April 11, 2005

Money

My colleague, SIMPLICITY consortium co-director Dan Ariely, was recently giving a short talk to financial services people about one of his favorite topic: savings (aka "money"). He was saying how important the invention of money has been to society—about how today we wouldn't want to live in a society based upon barter. When he said, this, I imagined growing enough grapes in my yard to fill a gigantic bag to carry to an Apple store to trade for an iPod. I wondered, how many grapes would I need? I quickly got Dan's point.

On Sunday I was flipping through the newspaper and found a great little story on some comparisons between government investments in X versus Y. It was the investment in the National Science Foundation ($5.47 billion) versus the National Endowment for the Arts ($121 million) that caught my attention. I reworked my old system for counting people into a money counting system, and came up with a simple money comparator. Numbers don't do statistics justice.

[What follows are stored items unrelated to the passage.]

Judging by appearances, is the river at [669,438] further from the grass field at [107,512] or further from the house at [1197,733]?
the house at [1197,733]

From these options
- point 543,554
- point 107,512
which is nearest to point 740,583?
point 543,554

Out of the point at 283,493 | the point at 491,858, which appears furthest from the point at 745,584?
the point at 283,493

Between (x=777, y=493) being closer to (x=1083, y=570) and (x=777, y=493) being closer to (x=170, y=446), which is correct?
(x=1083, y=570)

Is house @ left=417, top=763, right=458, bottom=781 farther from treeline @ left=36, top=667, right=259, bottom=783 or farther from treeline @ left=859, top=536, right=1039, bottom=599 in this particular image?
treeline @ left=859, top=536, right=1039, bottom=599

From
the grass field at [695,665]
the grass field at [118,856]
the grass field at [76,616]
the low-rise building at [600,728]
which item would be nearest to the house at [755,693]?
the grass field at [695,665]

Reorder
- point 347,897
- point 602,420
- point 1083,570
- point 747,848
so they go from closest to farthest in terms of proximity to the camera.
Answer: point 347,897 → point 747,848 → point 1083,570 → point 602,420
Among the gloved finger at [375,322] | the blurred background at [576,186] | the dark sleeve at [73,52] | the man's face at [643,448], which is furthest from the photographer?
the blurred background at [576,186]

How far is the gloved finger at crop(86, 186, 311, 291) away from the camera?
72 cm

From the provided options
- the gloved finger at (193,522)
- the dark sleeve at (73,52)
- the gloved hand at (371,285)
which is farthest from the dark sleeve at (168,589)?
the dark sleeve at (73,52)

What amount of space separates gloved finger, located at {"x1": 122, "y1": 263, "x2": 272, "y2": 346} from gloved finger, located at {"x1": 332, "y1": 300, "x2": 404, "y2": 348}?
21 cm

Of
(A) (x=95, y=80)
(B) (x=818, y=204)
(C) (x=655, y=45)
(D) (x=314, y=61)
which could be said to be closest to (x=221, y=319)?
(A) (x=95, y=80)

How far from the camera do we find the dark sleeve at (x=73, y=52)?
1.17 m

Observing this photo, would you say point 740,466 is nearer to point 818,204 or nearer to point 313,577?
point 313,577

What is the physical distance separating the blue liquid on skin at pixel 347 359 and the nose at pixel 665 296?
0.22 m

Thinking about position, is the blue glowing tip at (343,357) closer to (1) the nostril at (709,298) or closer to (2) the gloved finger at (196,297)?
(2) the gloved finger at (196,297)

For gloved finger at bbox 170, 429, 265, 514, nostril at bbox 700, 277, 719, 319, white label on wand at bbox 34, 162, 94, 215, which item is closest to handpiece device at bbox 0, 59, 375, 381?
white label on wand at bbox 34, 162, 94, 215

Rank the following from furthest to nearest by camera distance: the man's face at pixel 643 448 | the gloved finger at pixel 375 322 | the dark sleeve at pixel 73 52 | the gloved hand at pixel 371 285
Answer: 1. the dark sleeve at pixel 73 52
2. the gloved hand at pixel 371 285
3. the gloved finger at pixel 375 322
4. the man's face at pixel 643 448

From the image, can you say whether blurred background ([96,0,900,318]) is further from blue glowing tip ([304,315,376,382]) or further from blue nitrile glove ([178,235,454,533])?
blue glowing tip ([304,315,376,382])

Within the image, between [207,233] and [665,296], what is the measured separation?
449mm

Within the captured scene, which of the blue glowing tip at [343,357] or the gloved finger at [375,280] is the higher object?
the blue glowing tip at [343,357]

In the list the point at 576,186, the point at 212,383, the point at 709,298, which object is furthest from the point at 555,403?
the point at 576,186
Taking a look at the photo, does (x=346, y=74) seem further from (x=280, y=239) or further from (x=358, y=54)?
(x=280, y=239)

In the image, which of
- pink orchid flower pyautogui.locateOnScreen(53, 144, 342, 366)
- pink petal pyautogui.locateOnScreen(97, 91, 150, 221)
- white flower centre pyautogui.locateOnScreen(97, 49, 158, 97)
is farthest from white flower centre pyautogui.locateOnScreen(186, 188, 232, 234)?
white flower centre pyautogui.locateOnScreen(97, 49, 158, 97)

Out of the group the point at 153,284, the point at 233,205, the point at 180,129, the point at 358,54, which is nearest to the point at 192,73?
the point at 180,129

We're starting the week off a little far from technonature, but it'll happen.

Dave Kliman noted, "I noticed your government spending comparison chart. unfortunately it does not tell the whole story just to say we spend x dollars on scientific research. here's an article I read the other day that made some disturbing observations. Due to changes in budget policy since 2001, funds for basic research have not only been cut, but so have various and sundry tax credits for corporations to encourage them to do such research. also cut is government money to assist corporations to utilize technology developed in government labs. Pity, eh?" Every story certainly has multiple sides.

Amos Bannister writes, "Consider how much fun it would be to fill your gigantic bag full of grapes, trudge down to the Apple store only to find that they didn't want any grapes but instead wanted bowling balls. Then you'd have to find someone with bowling balls who would be prepared to accept your grapes in trade. Or maybe not, maybe the bowling ball supplier wants marshmallows. Lots of marshmallows. Barter can be a good system when both parties have what the other wants, otherwise you end up having to do a series of roundabout trades so everyone is happy. Money sure simplifies that process. Of course, that's not to say that money simplifies _life_." Barter scares me.